─── Data for processing
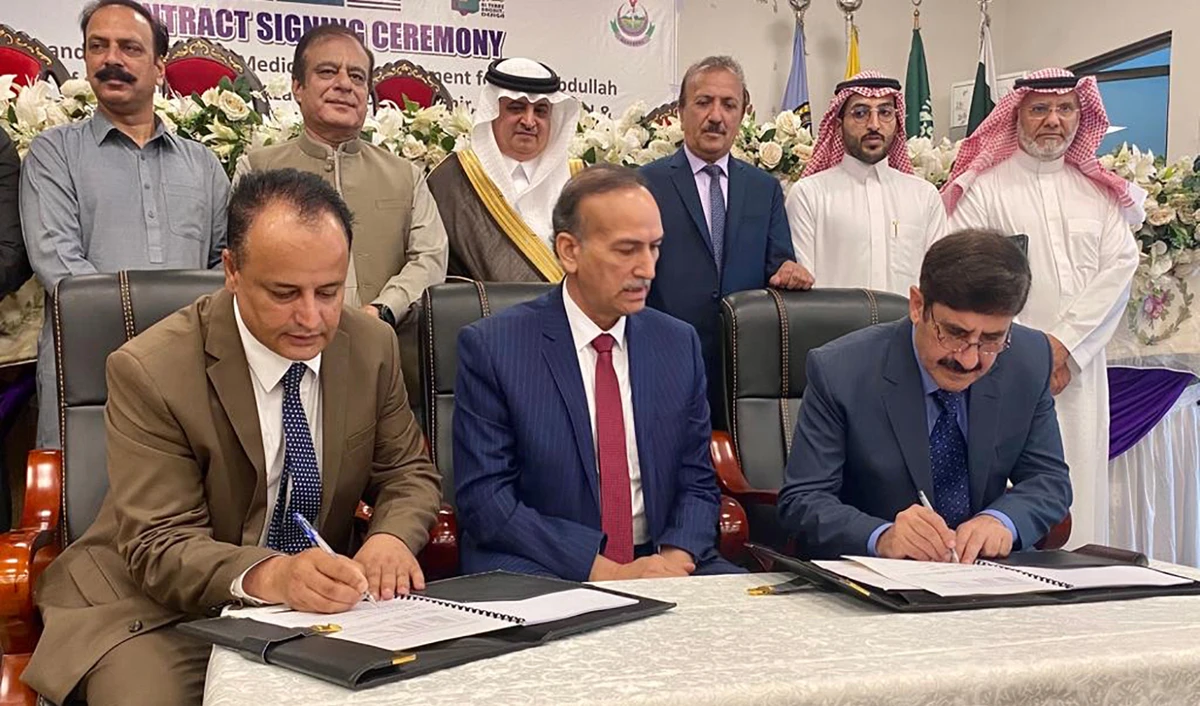 Officials of the AJK University and King Abdullah Teaching Hospital in Mansehra are signing an agreement with a Saudi firm in Islamabad, Pakistan, on July 28, 2022. (AN Photo)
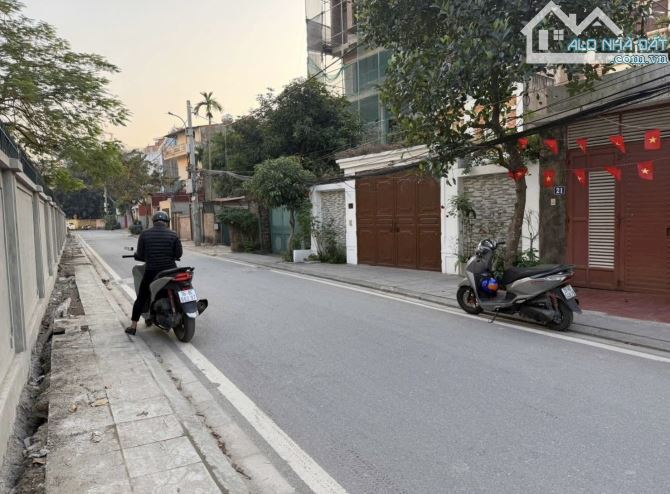 Chính gửi nhờ bán nhà Sát Trương Định- 5 tầng dân xây , ngõ ba gác-34m2- Nhô 7 tỷ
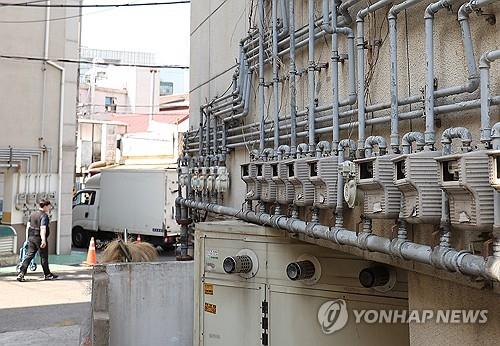 资料图片：首尔市一栋楼外墙上的燃气表 韩联社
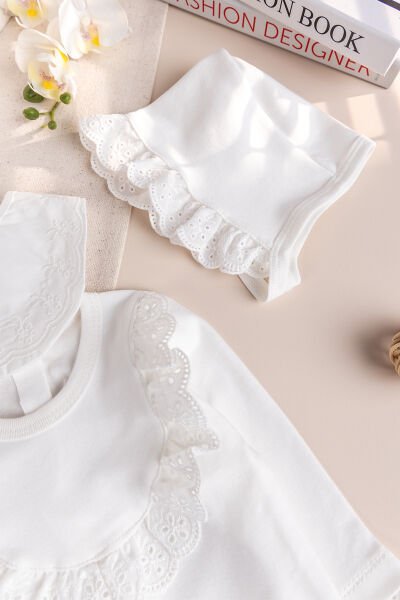 Fistolu Şapkalı 100% Pamuk Kız Bebek Tulum Krem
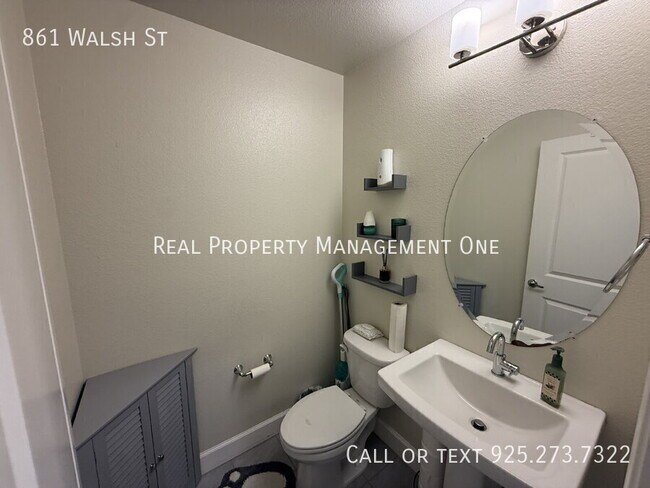 Building Photo - 861 Walsh St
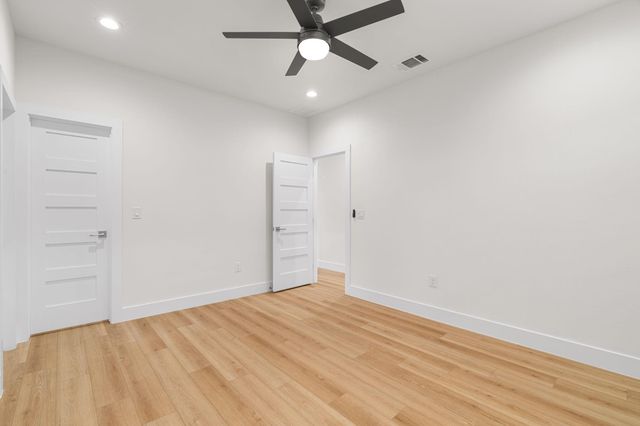 102 W Fawnridge DR, Austin, TX 78753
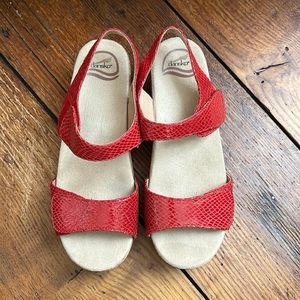 SZ 39 - DANSKO - Red Sandals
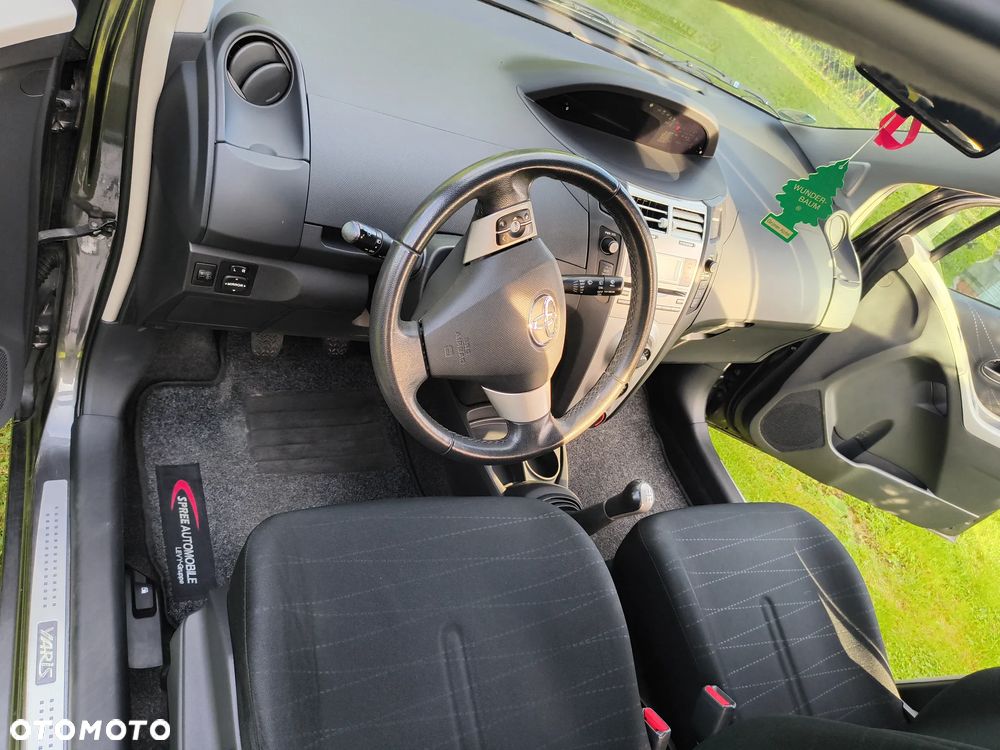Toyota Yaris - 9
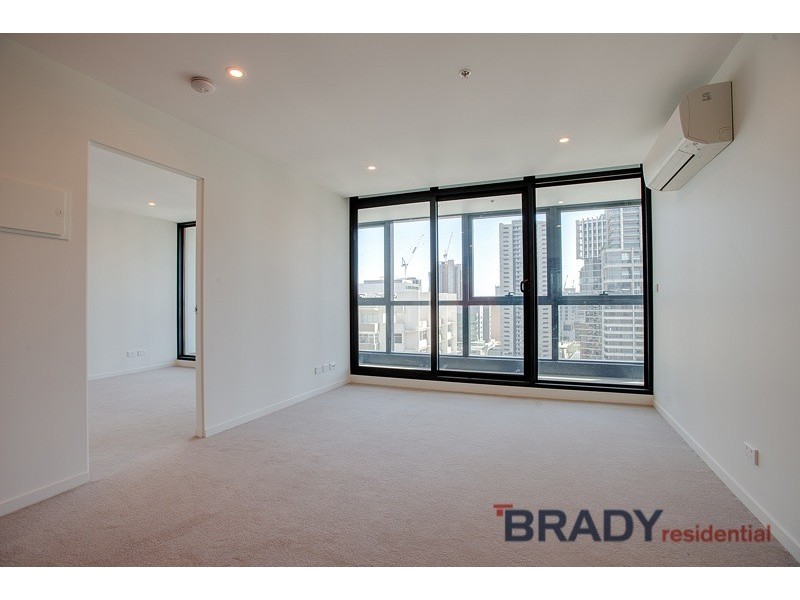 2206/8 Sutherland Street, Melbourne VIC 3000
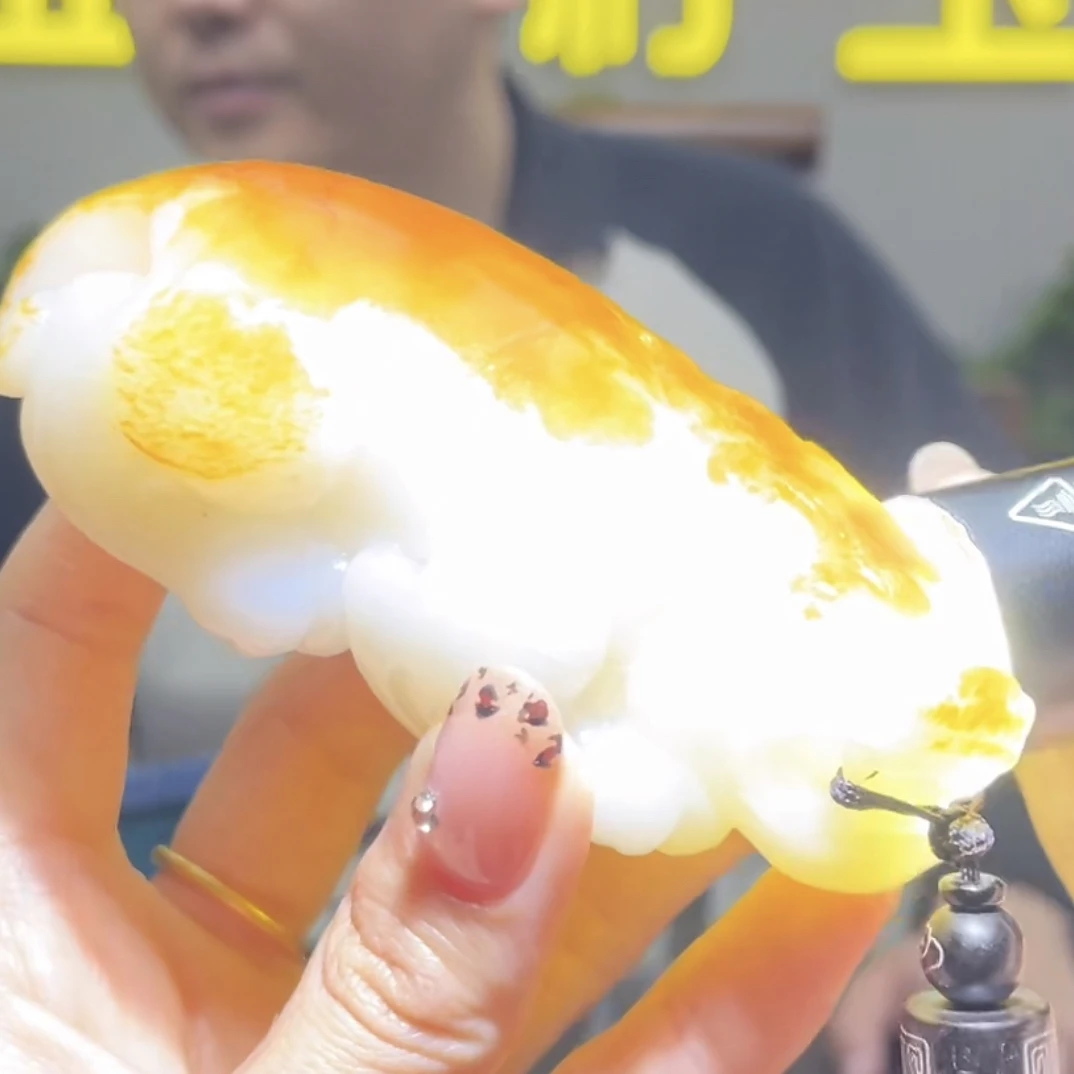 和田玉手把首饰珠宝拍一发一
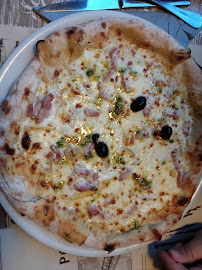 Pizza du Pizzeria Le Petit Rocher à Grenoble - n°4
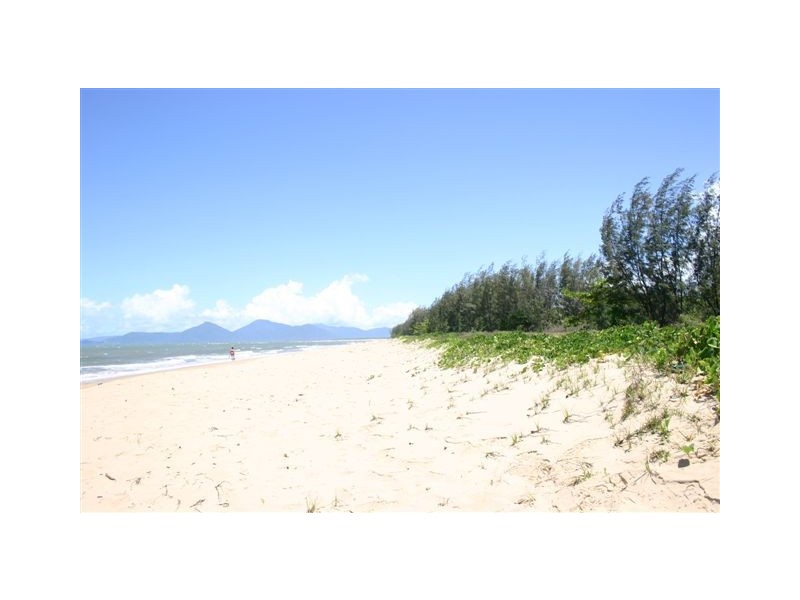 11/2 Deauville Close, Yorkeys Knob QLD 4878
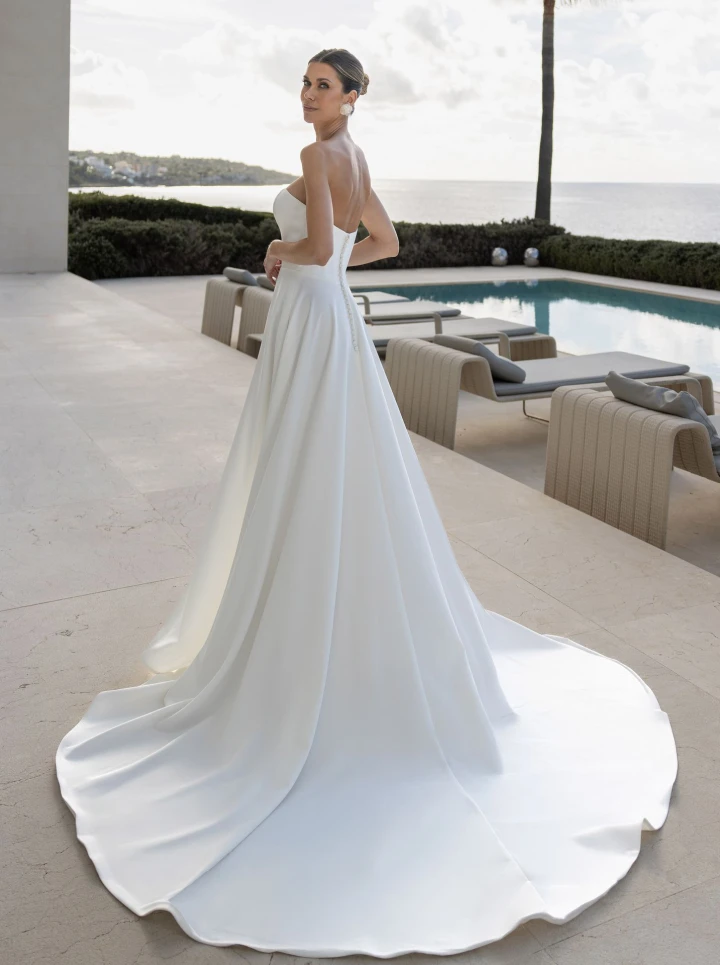 Diane Legrand 2021 back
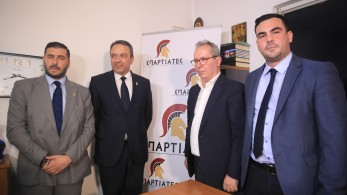Σπαρτιάτες: Τα «δικαιώματα» Κασιδιάρη στην κρατική επιχορήγηση Σπαρτιάτες: Τα «δικαιώματα» Κασιδιάρη στην κρατική επιχορήγηση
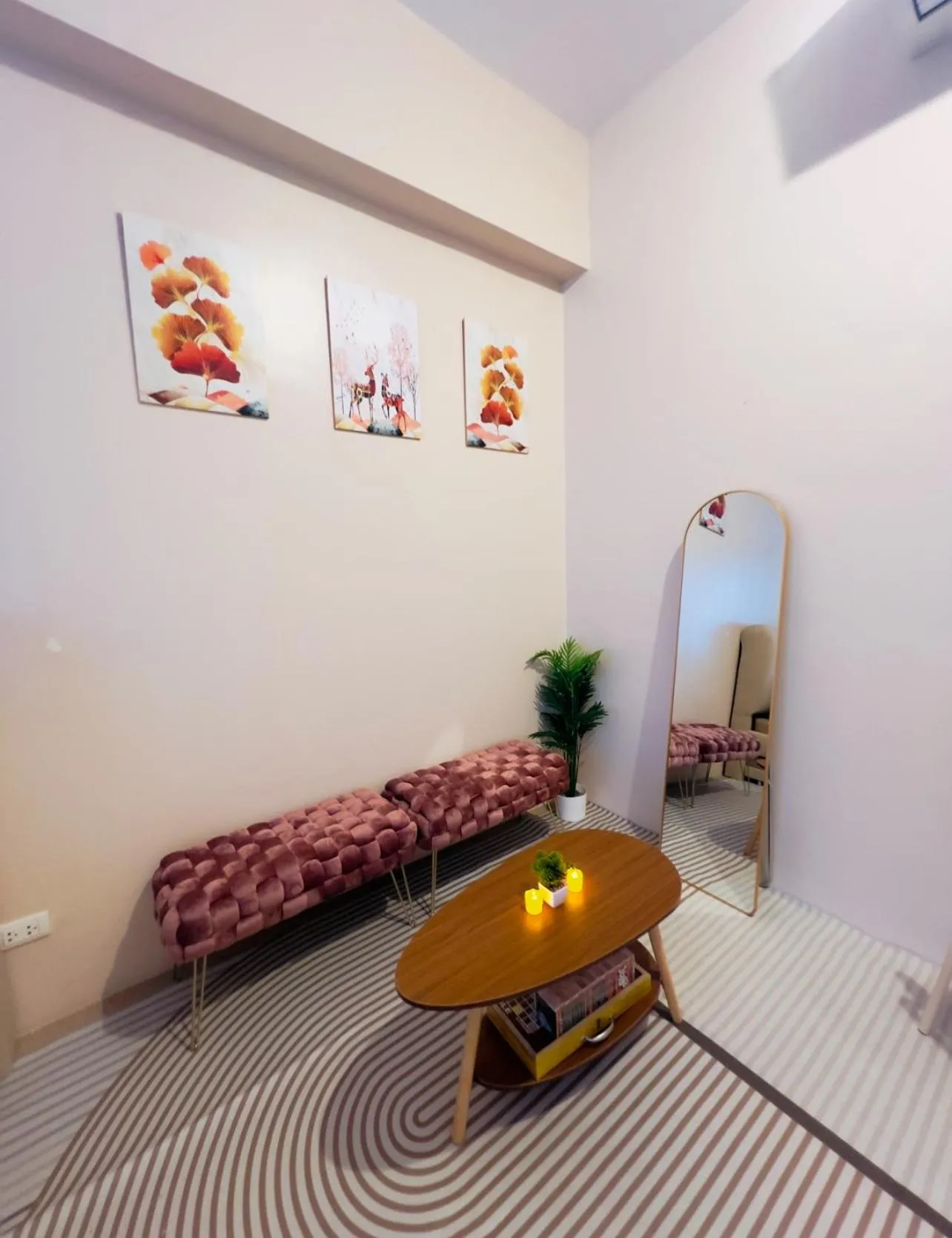 Bed in Cozy Condo at Eighty One Newport Blvd across NAIA Terminal 3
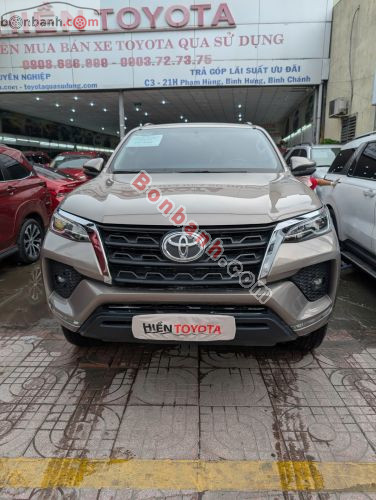 Toyota Fortuner 2022 - ảnh 1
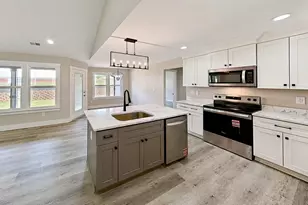 362 W Church Ave, Cowpens, SC 29330 - Photo 4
──────
In the records above, find the line containing "Building Photo - 861 Walsh St", then please restate it and each line after it word for word, pictures excluded.

Solution to this exercise:
 Building Photo - 861 Walsh St
 102 W Fawnridge DR, Austin, TX 78753
 SZ 39 - DANSKO - Red Sandals
Toyota Yaris - 9
 2206/8 Sutherland Street, Melbourne VIC 3000
 和田玉手把首饰珠宝拍一发一
 Pizza du Pizzeria Le Petit Rocher à Grenoble - n°4
 11/2 Deauville Close, Yorkeys Knob QLD 4878
 Diane Legrand 2021 back
Σπαρτιάτες: Τα «δικαιώματα» Κασιδιάρη στην κρατική επιχορήγηση Σπαρτιάτες: Τα «δικαιώματα» Κασιδιάρη στην κρατική επιχορήγηση
 Bed in Cozy Condo at Eighty One Newport Blvd across NAIA Terminal 3
 Toyota Fortuner 2022 - ảnh 1
 362 W Church Ave, Cowpens, SC 29330 - Photo 4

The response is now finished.